|Subject:||GPG-signed commits: a new exploit to consider|
|Date:||Thu, 22 Sep 2005 11:19:17 -0400|
|User-agent:||Mozilla Thunderbird 1.0.6 (Windows/20050716)|
The basic attack is to tamper with the GPG signature, with the goal of deliberately causing signature validation to fail. There are a couple of scenarios I can think of immediately:
A mischievous attacker simply wants to ruffle some feathers. No actual harm is done, it's simply a nuisance. Everything could grind to a halt until the most recent backup is restored (would this be classifed as a denial-of-service attack?). As a variation, a malicious hacker could employ this 'mischief attack' repeatedly, in the hopes that eventually people will ignore the error. Once that happens, the attacker can then slip in an actual exploit and users will assume it's the same annoyance.
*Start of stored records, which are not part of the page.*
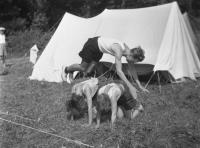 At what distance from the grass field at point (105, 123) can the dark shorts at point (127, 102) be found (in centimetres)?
16

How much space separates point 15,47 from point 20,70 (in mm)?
8126

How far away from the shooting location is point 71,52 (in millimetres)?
7906

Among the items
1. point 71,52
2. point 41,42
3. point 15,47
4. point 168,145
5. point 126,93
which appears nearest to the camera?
point 168,145

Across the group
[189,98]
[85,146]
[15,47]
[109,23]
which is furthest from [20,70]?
[15,47]

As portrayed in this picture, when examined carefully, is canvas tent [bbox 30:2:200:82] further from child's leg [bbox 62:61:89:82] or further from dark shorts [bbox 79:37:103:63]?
dark shorts [bbox 79:37:103:63]

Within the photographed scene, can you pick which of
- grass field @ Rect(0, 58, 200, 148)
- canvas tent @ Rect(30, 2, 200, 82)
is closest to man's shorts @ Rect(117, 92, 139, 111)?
grass field @ Rect(0, 58, 200, 148)

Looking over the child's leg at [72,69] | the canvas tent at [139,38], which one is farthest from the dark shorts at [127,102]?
the canvas tent at [139,38]

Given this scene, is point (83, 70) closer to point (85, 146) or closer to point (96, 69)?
point (96, 69)

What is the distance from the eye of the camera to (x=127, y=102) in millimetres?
4598

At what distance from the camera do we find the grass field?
3766 mm

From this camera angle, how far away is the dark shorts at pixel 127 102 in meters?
4.58

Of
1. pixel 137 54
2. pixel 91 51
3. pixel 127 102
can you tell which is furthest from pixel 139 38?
pixel 127 102

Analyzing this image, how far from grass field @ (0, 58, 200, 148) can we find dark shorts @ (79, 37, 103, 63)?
26.7 inches

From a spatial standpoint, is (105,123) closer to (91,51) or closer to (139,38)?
(91,51) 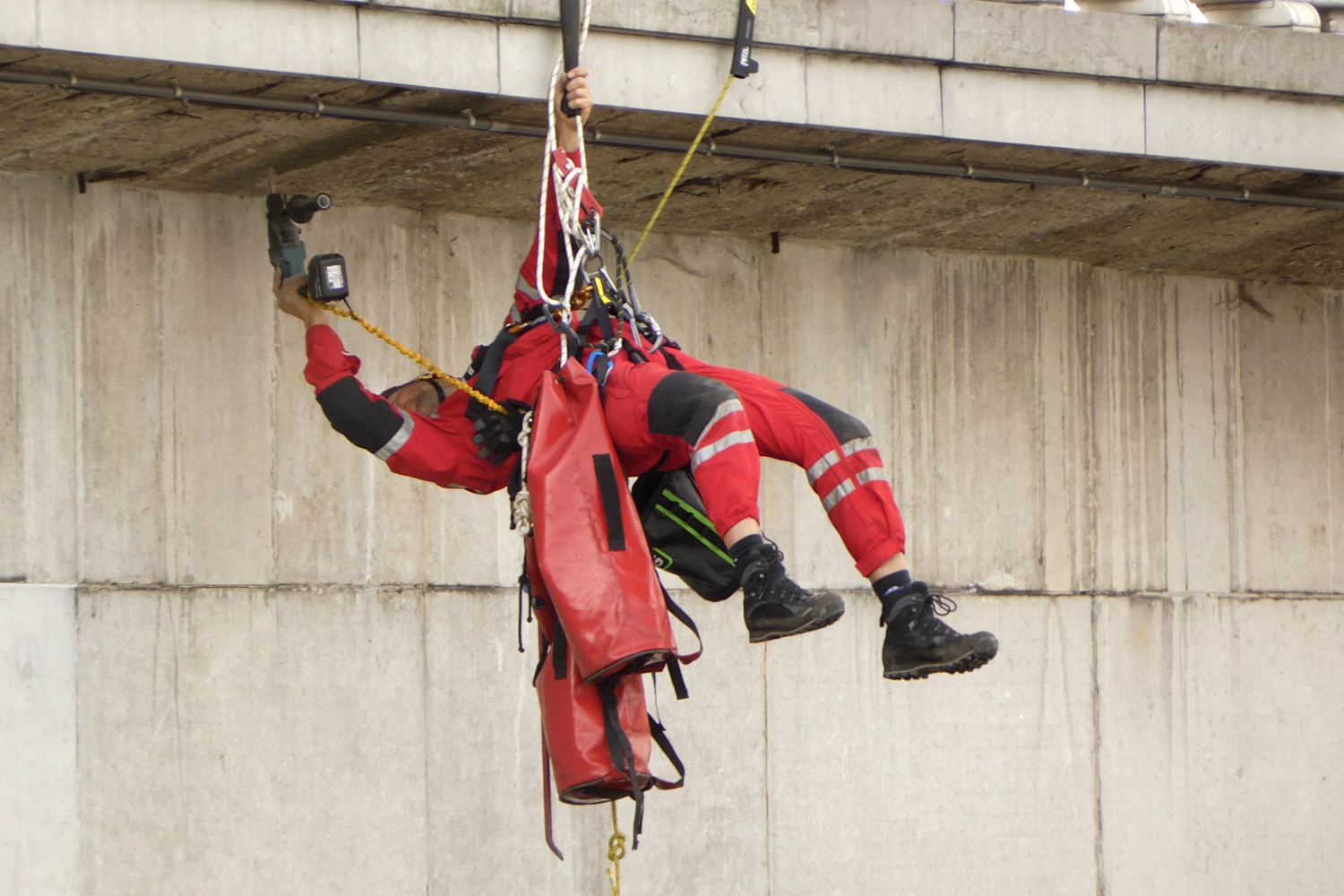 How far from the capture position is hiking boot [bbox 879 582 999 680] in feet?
15.9

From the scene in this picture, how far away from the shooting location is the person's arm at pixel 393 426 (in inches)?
208

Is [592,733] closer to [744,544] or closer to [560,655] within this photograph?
→ [560,655]

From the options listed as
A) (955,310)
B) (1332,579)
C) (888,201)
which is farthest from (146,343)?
(1332,579)

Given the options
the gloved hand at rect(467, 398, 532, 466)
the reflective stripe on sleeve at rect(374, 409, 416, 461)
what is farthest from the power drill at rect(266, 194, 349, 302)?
the gloved hand at rect(467, 398, 532, 466)

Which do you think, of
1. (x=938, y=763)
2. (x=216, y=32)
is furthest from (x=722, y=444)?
(x=938, y=763)

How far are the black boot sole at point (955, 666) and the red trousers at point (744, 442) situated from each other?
11.5 inches

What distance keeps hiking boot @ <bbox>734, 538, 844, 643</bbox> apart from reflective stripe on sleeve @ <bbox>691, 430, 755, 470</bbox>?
9.7 inches

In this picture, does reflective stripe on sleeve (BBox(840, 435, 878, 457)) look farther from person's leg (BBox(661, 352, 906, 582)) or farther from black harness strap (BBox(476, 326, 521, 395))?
black harness strap (BBox(476, 326, 521, 395))

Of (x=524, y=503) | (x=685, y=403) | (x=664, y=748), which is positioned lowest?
(x=664, y=748)

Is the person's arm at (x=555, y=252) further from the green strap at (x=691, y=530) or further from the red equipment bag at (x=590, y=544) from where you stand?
the green strap at (x=691, y=530)

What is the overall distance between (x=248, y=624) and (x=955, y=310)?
319 centimetres

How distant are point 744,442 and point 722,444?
0.18ft

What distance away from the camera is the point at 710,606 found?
7.41 metres

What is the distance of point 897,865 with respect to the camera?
7.70 meters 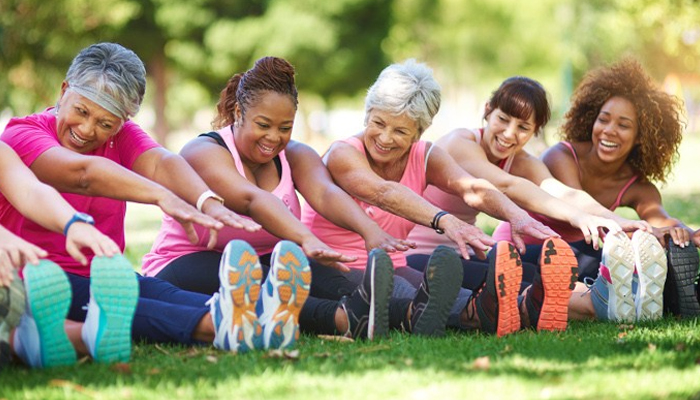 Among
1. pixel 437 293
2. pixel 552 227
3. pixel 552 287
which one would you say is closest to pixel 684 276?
pixel 552 287

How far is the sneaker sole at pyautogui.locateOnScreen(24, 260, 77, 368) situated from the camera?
3.47 metres

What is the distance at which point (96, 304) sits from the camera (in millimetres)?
3672

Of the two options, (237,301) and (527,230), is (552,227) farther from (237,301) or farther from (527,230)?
(237,301)

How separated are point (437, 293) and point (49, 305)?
5.73 feet

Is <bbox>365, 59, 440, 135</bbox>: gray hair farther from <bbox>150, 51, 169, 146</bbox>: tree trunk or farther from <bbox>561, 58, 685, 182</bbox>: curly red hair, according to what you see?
<bbox>150, 51, 169, 146</bbox>: tree trunk

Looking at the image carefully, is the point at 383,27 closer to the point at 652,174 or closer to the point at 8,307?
the point at 652,174

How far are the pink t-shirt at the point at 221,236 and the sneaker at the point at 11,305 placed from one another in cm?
141

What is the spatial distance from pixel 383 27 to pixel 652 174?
978 inches

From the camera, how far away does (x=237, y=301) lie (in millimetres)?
3910

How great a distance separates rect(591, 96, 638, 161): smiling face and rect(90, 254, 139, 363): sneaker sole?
145 inches

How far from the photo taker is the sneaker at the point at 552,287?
446cm

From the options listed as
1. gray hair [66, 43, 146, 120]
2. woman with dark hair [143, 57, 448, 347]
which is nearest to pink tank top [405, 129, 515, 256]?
woman with dark hair [143, 57, 448, 347]

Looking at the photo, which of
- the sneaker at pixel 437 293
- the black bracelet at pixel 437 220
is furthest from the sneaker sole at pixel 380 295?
the black bracelet at pixel 437 220

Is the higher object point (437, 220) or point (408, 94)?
point (408, 94) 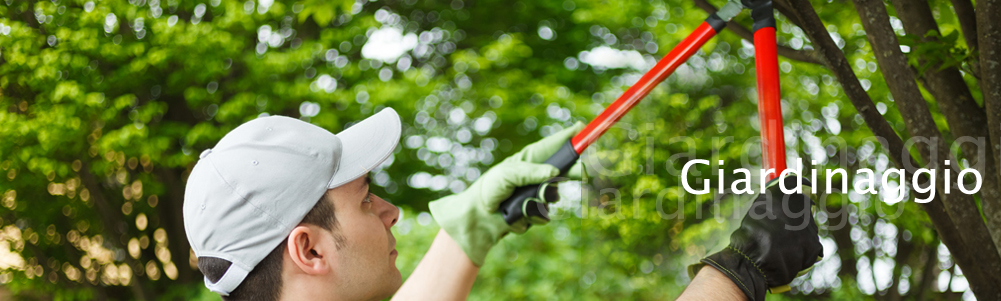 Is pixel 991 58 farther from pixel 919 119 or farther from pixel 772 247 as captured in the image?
pixel 772 247

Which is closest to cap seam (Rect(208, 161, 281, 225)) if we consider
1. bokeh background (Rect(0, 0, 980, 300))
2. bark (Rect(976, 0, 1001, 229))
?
bokeh background (Rect(0, 0, 980, 300))

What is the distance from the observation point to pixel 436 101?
7.80 meters

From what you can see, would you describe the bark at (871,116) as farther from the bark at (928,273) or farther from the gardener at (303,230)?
the bark at (928,273)

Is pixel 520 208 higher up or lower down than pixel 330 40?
higher up

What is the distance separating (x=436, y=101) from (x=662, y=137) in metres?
5.43

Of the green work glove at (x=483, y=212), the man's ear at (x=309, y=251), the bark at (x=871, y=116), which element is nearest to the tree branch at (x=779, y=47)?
the bark at (x=871, y=116)

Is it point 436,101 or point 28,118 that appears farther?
point 436,101

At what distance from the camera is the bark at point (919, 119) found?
1635mm

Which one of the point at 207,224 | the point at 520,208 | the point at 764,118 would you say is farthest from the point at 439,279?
the point at 764,118

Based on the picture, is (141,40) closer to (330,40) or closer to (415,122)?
(330,40)

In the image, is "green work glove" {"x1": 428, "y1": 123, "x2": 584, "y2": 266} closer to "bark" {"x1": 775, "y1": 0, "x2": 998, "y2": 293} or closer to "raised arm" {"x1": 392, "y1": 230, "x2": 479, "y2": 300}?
"raised arm" {"x1": 392, "y1": 230, "x2": 479, "y2": 300}

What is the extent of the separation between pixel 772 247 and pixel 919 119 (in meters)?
0.59

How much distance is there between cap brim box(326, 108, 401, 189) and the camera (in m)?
1.49

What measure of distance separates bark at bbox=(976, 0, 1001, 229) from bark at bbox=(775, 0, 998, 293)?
0.20 meters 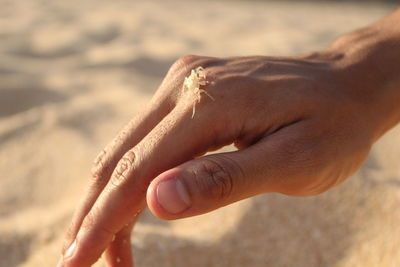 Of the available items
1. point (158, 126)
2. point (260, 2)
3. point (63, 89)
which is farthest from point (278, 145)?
point (260, 2)

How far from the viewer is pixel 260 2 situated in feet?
19.2

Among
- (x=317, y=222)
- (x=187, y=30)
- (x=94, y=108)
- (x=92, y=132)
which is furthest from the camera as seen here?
(x=187, y=30)

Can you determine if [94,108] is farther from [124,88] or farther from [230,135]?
[230,135]

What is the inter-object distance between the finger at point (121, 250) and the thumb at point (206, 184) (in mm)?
354

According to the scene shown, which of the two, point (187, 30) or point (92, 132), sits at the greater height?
point (187, 30)

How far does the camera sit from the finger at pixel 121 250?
1421 mm

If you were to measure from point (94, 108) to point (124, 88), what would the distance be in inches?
11.9

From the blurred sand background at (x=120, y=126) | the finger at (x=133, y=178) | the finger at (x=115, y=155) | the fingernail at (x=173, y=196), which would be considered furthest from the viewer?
the blurred sand background at (x=120, y=126)

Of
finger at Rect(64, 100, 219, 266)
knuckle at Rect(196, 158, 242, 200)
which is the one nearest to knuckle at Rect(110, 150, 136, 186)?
finger at Rect(64, 100, 219, 266)

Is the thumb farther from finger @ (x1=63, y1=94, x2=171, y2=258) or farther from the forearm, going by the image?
the forearm

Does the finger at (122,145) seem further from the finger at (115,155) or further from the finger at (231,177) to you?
the finger at (231,177)

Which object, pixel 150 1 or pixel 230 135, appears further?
pixel 150 1

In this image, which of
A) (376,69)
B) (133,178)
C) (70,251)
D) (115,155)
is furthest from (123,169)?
(376,69)

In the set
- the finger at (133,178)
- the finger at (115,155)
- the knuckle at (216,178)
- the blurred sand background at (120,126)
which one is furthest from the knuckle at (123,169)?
the blurred sand background at (120,126) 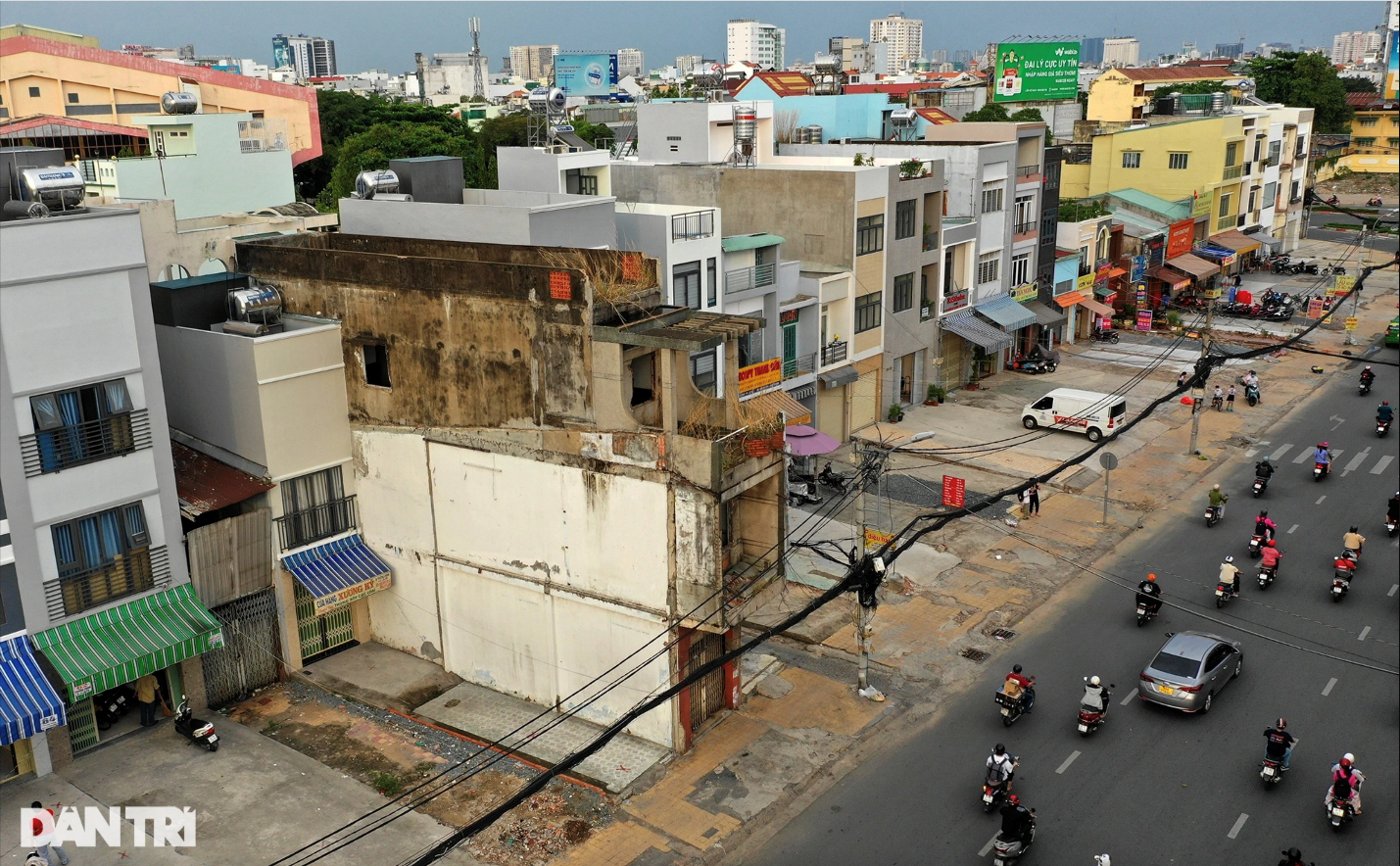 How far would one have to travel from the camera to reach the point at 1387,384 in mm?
54594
In second scenario, the attacker is actually a trusted individual who has legitimate access to the repository. Mallory, a disgruntled employee, commits code that contains some nastiness hidden among valid changes. The committed nastiness is signed as usual. After the commit, Mallory modifies the signature embedded in the RCS file. If the nastiness goes undiscovered, Mallory gets away with it. If the nastiness is discovered, the GPG signature validation will fail, and Mallory can claim that the code she checked in did not contain the exploit, and someone else must have inserted the exploit, thereby invalidating the signature.
There are probably many other scenarios that we can invent involving signature tampering.
Signature tampering can be foiled (or at least discovered forensically) if the signature itself can be included in the 'loginfo' notifications. I would propose adding a '%g' format specifier to loginfo, which would insert the GPG signature. Thoughts? Comments?